Criado em meio à proibição, pelo Supremo Tribunal Federal, das doações de campanha por parte de pessoas jurídicas, o FEFC (Fundo Especial de Financiamento de Campanha) despontará como o grande financiador das campanhas pelas disputas aos governos das prefeituras e câmaras municipais pelo Brasil afora.

Será a primeira vez que as eleições para prefeito e vereadores serão custeadas, em sua maioria, por dinheiro público pela via legal.

Em todo mundo, são basicamente três as modalidades de financiamento de campanha: o financiamento público exclusivo, o financiamento privado e o financiamento misto.
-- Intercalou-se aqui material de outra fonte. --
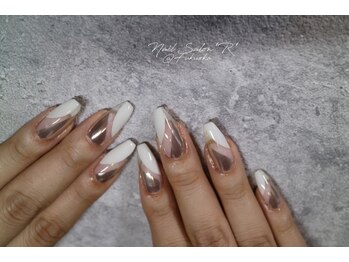 ネイルサロン R/スタイリングコース 8030円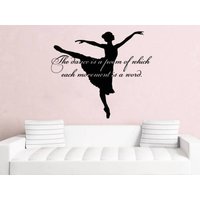 Ballerina-Vinyl-Wandtattoo Der Tanz Ist Ein Gedicht Zitat Aufkleber Kinderzimmer Mädchen Zimmer Home Decor Ms69 Ballerina-Vinyl-Wandtattoo Der Tanz Ist Ein Gedicht Zitat Aufkleber Kinderzimmer Mädchen Zimmer Home Decor Ms69 von VinylDecals2U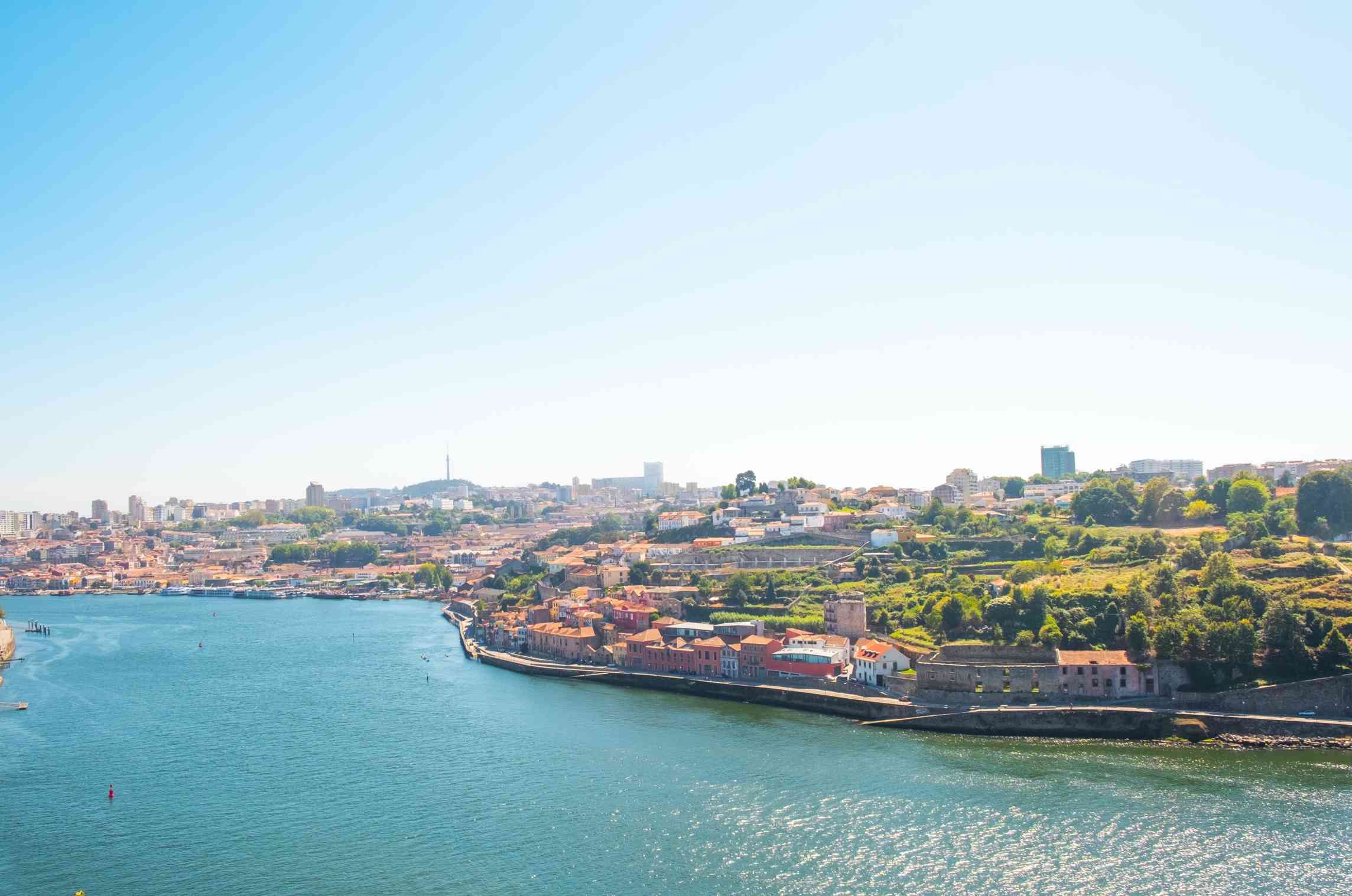 能耗監(jiān)測系統(tǒng)，工廠節(jié)能減排，碳達峰碳中和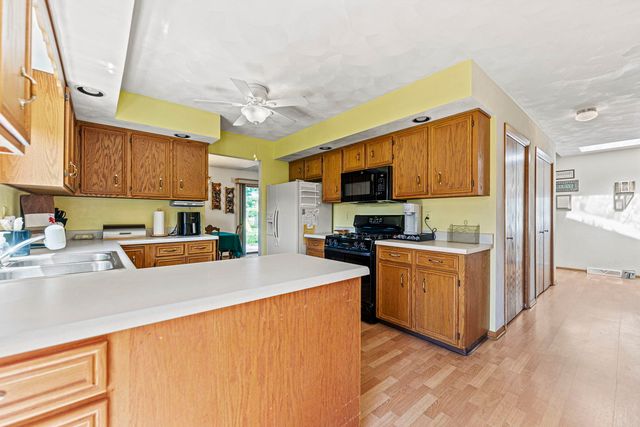 8485 Center Court, Belvidere, IL 61008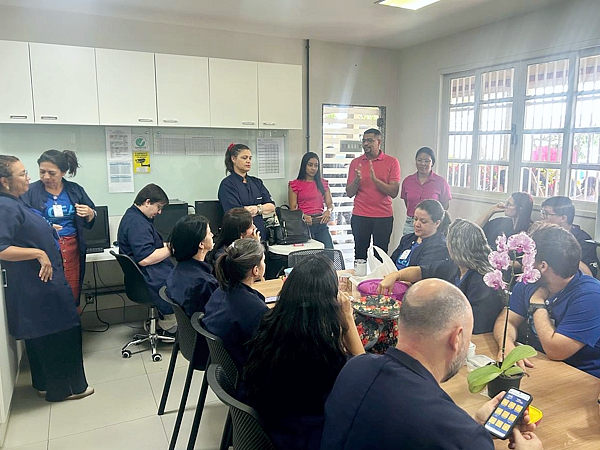 Acadêmicos de Enfermagem da FAACZ promovem ação do “Outubro Rosa” na Fundação São João Batista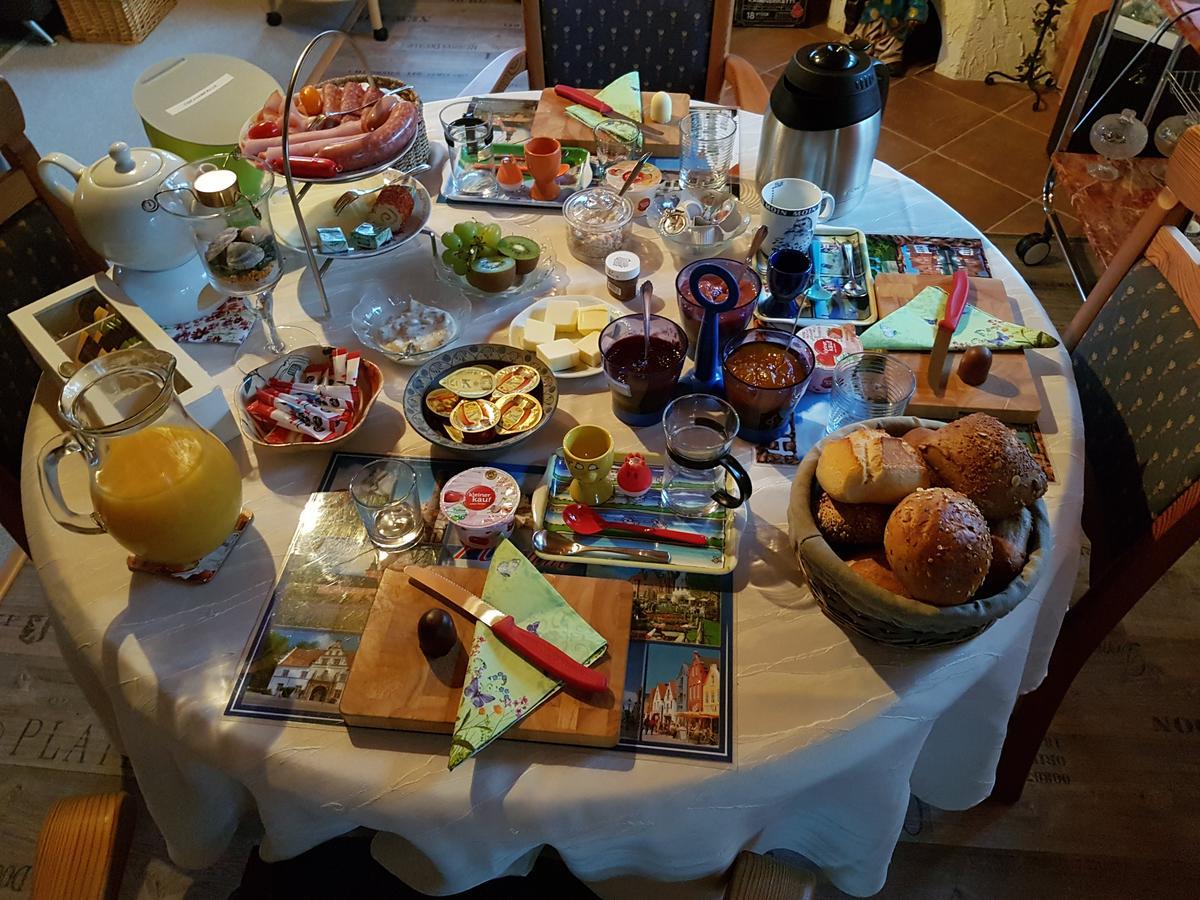 Pension Buetterich Leilighet Husum  Eksteriør bilde
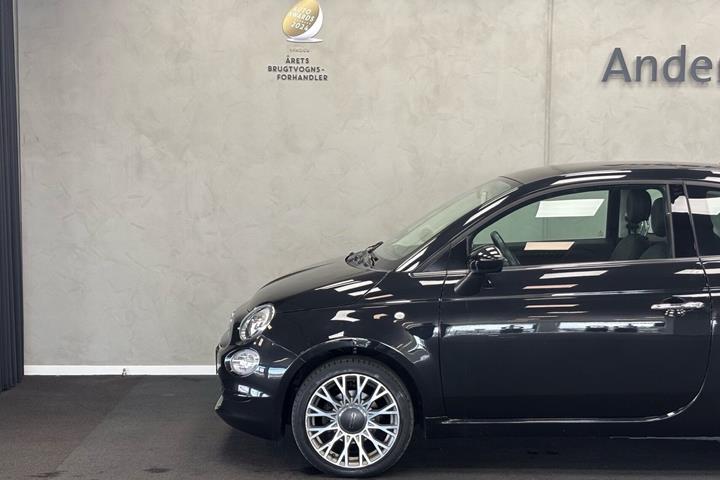 Sort Fiat 500 fra 2018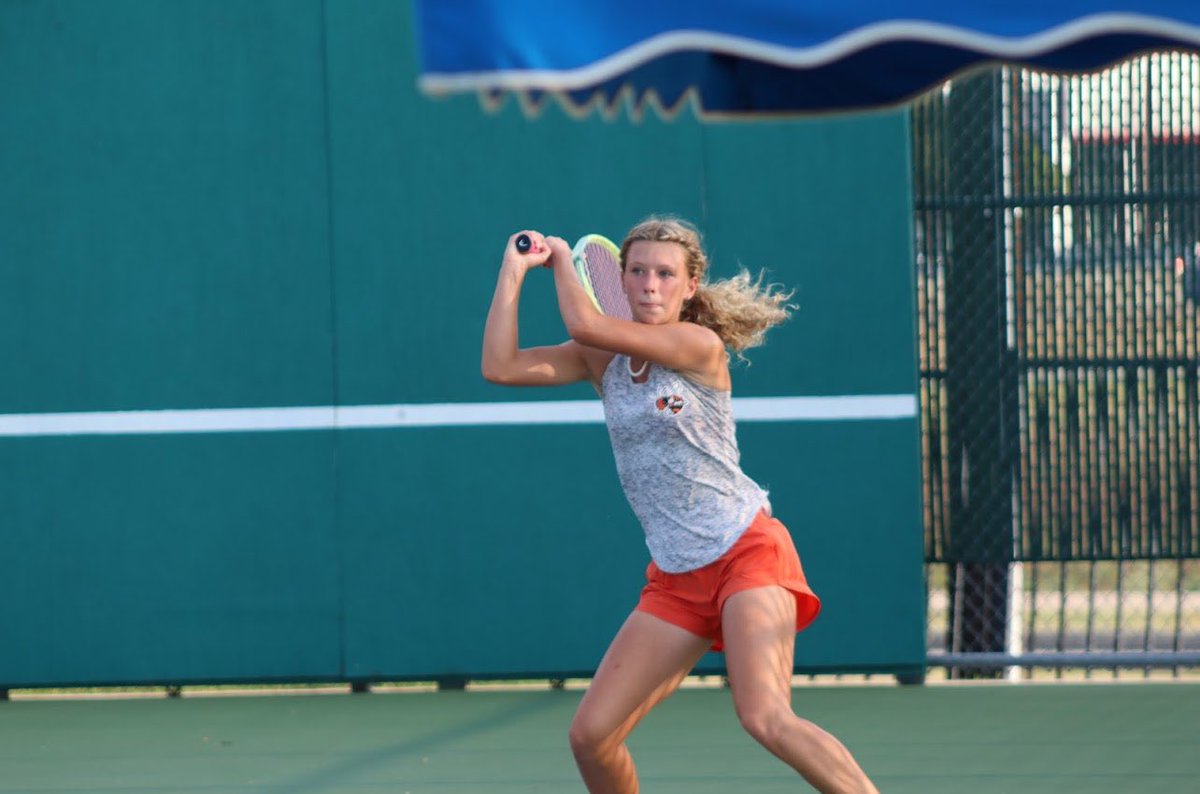 Laney Bailey tweet media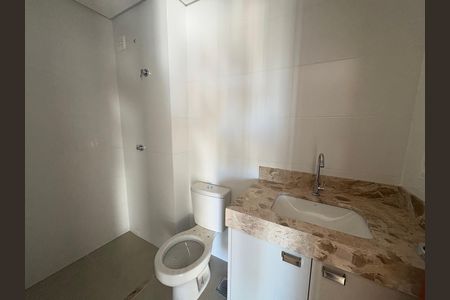 Apartamento à venda com 66m², 2 quartos e 1 vaga Apartamento à venda com 66m², 2 quartos e 1 vagaBanheiro da Suíte 1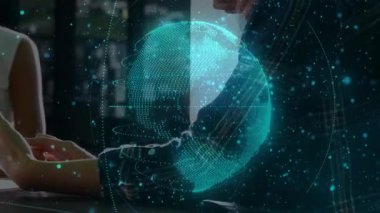 İş arkadaşları teknoloji ofisindeki masada beyin fırtınası yapıyor, verilerle deniz mavisi holografik küreyi yansıtıyorlar. İşbirliği, yenilik, dijital, fütürizm, takım çalışması, teknoloji, ağ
Com a criação do FEFC o Brasil passa a acompanhar países que utilizam o financiamento misto, como os Estados Unidos, Canadá, Argentina, Chile, França, Portugal e Reino Unido, que já se valiam do financiamento público para campanhas eleitorais.

Com o meio político assolado em escândalos (mensalão, petrolão, laranjal...), o recorrente uso do caixa 2 e a sistemática aprovação de candidatos ficha-suja, o financiamento público irá contrastar com a crise econômica ainda em evidência, e o que é pior, com o grave quadro de crise ético-moral que se abate sob a maioria dos partidos políticos brasileiros e seus dirigentes, estando vários deles presos, das mais diferentes agremiações.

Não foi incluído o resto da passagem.